Not even in its wildest dreams did the PP expect an outcome like the one experienced yesterday in Congress. The faces of satisfaction among the popular ranks, who have been protesting in the streets against the Amnesty law for months, were representative of what they had just witnessed. It didn’t take them much effort to overturn the procedure that they saw as already approved. To vote against, Junts was already there, which has given them time. At most one more month to continue making frontal opposition against the text and so that the “prevaricating judges” as Miriam Nogueras took pains to point out yesterday, not once or twice, but on a string of occasions, can continue delving into cases that remained, collecting dust in a drawer.
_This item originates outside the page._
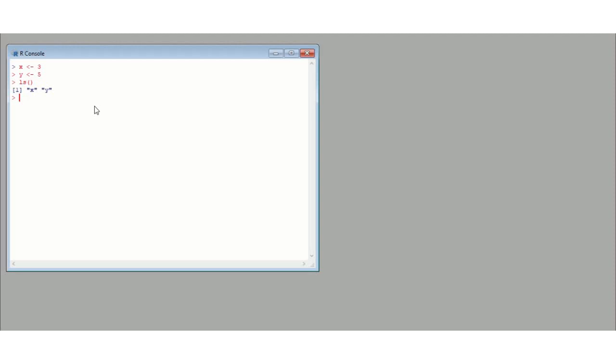We can use R basically as a calculator, and that is what we are going to go through in this video. So if we do x plus y, well x is 3, y is 5, so we are expecting 8 to come out, and R does that. We can do x multiplied by y, 15. X divided by y comes out as 0.6. And which operation have I missed? X subtracted by y, that is x minus y, gives us minus 2.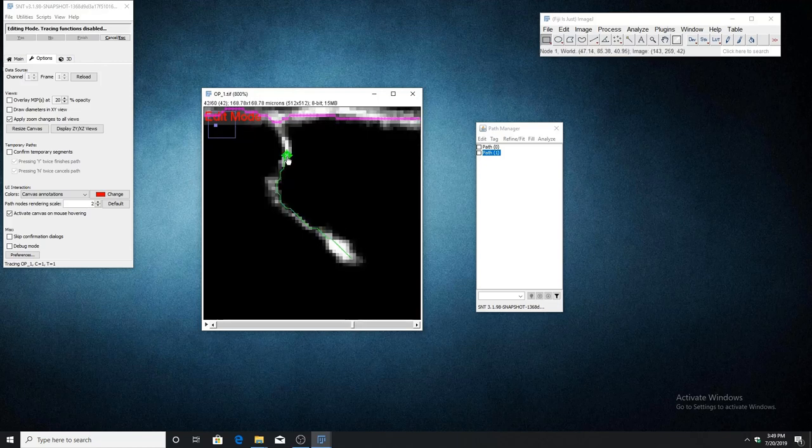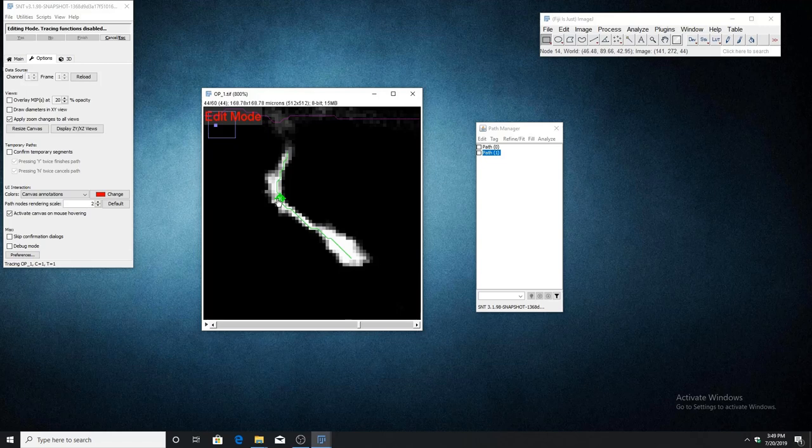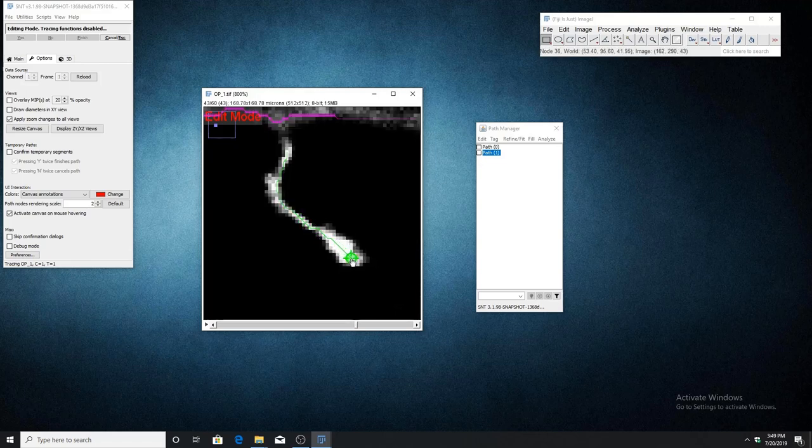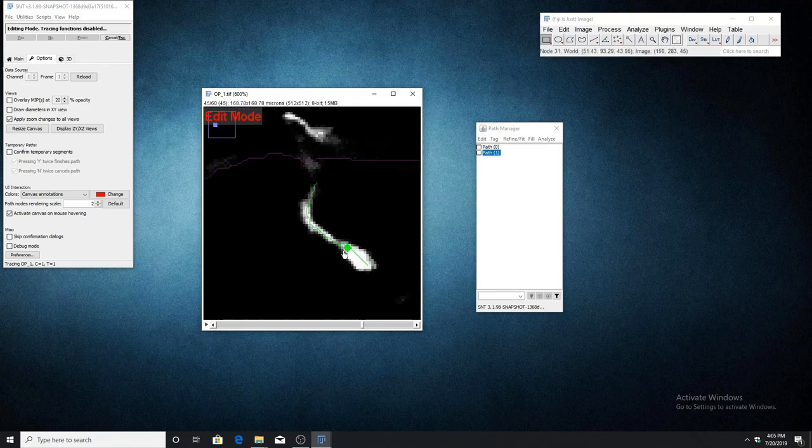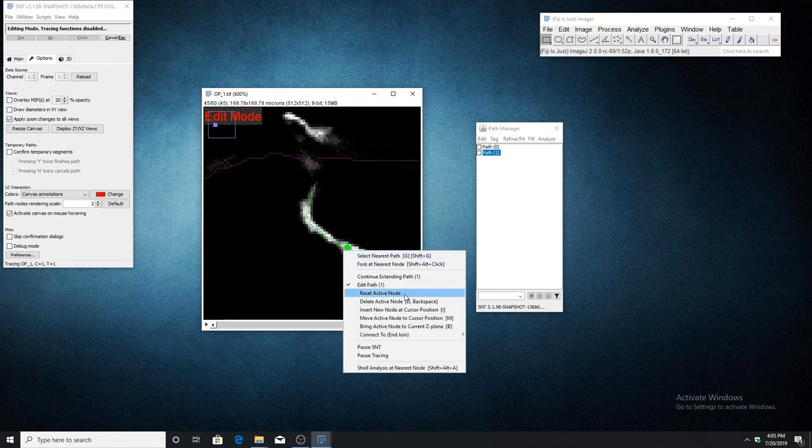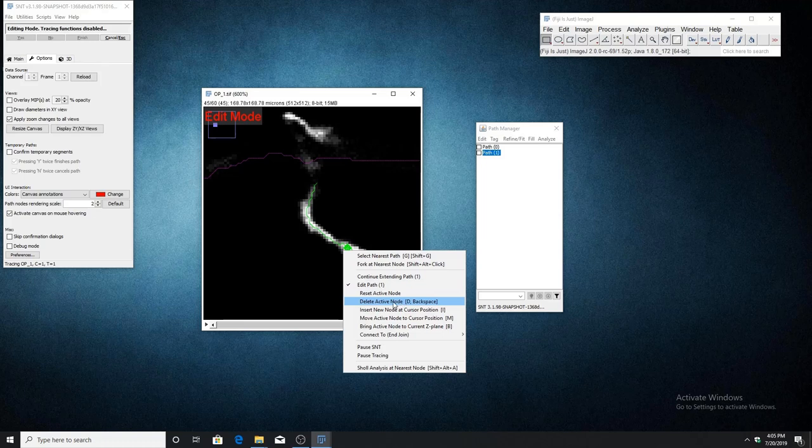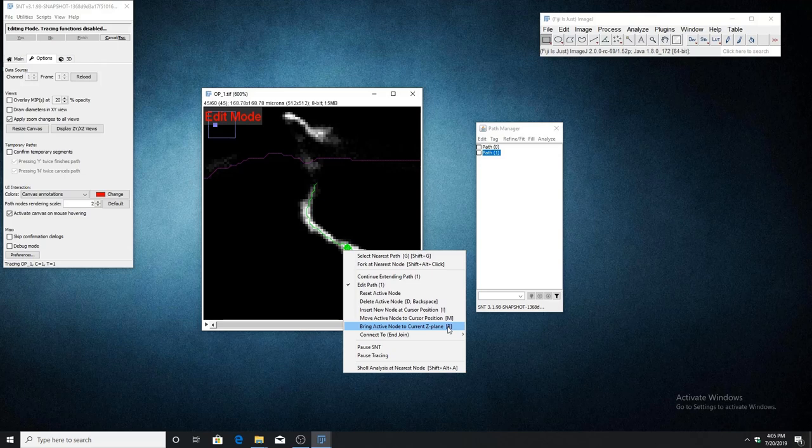You'll notice that if I move my cursor along the path, it activates the nearest node, meaning that we will be able to edit it. The first function I'm going to go over is delete active node. For all of the editing functions, the corresponding keyboard shortcut is shown to the right of each option.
Junts fulfilled the threat made on Monday to vote against the procedure, waiting for a gesture from the socialists and including their amendments. In the previous votes the order had served them and they had ended up getting “compensation” from the socialists. This time the PSOE stood up.

Some will once again describe these script twists in the art of negotiation as a “master move”, but the message it leaves for others – PSOE and ERC – is that Junts is not a trustworthy party and that the change of course towards pragmatism that many had sensed after the inauguration of Pedro Sánchez was a mere mirage. The president of the party, Laura Borras, had already warned a few days ago “we do not want to contribute to governability” and they have done so.

The law may end up being derailed and it will not be because the judges declare it unconstitutional or because the European justice system overturns it, it may fail before reaching the Senate. The image of post-convergents voting against criminal oblivion together with the PP and Vox bench seems like a full-fledged warning.

Junts’ will now is to redirect the negotiations as soon as possible. Return to the path of dialogue. It will not be easy to reestablish the bridges in the new climate of distrust of republican socialists who lived yesterday with stupor. Yesterday Oriol Junqueras wanted to calm things down, but at ERC they cannot hide their disappointment at the outcome. Not even the messages launched from the lectern by deputy Pilar Vallugera in which she advised Junts not to fall into the “judges’ trap” served to change their position.

There are weeks ahead and with a Galician campaign in the middle that reduces incentives for the PSOE to negotiate immediately. The way the political landscape is these days, many things can happen and Junts has given time.